**HOW TO COMPLETE THIS TASK:** Write out exactly the lines of the entries below from the one holding "Alright so I'm" to the one holding "Hello guys, in", inclusive, and leave out all other lines.

**RECORDS TO PROCESS:**
=====

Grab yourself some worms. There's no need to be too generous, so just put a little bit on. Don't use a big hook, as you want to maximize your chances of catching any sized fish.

=====

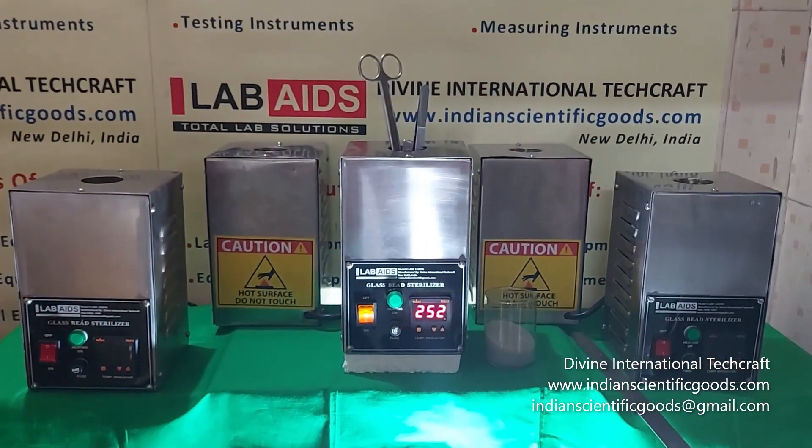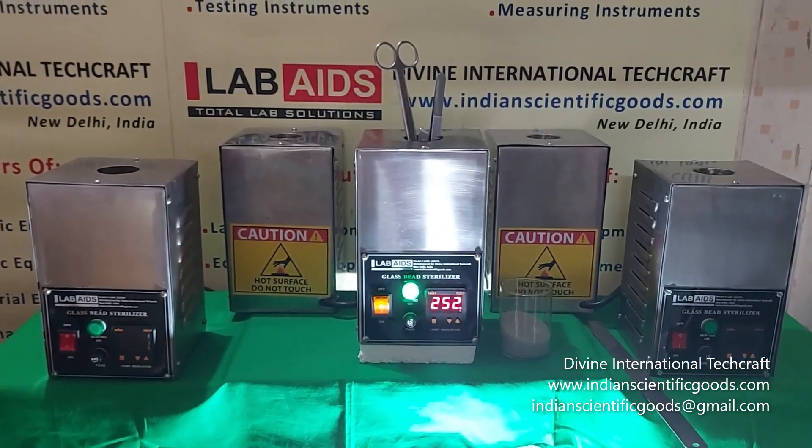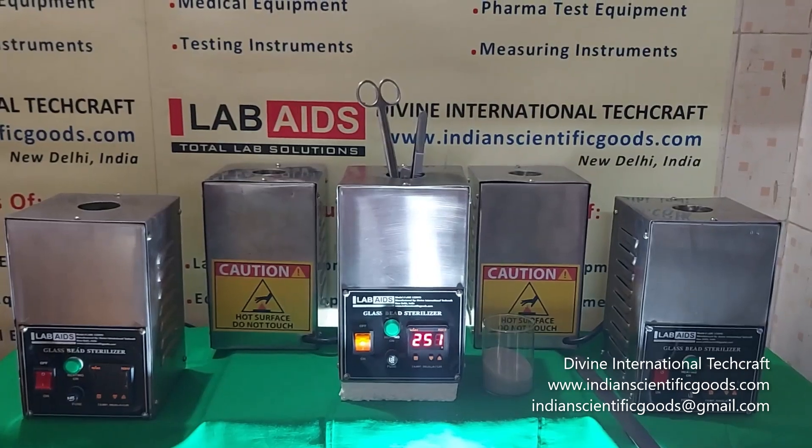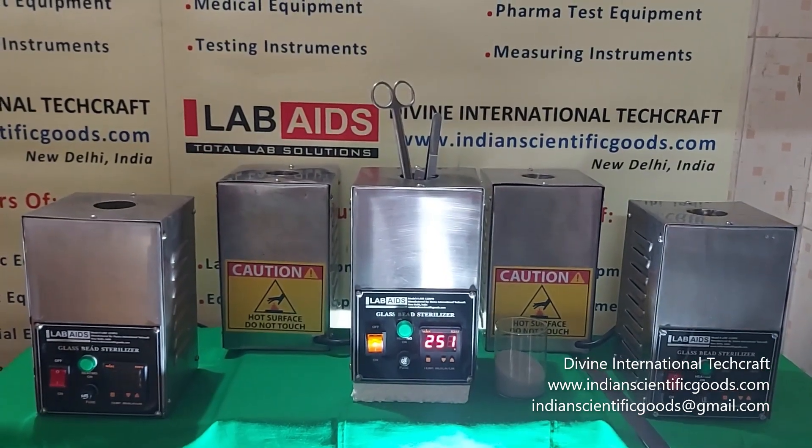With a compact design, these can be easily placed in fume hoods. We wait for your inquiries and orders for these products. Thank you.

=====

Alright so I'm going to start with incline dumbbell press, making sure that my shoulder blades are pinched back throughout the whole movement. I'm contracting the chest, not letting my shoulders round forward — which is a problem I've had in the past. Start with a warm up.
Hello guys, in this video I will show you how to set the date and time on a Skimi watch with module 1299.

=====

**SOLUTION FOR THIS EXERCISE:**
Alright so I'm going to start with incline dumbbell press, making sure that my shoulder blades are pinched back throughout the whole movement. I'm contracting the chest, not letting my shoulders round forward — which is a problem I've had in the past. Start with a warm up.
Hello guys, in this video I will show you how to set the date and time on a Skimi watch with module 1299.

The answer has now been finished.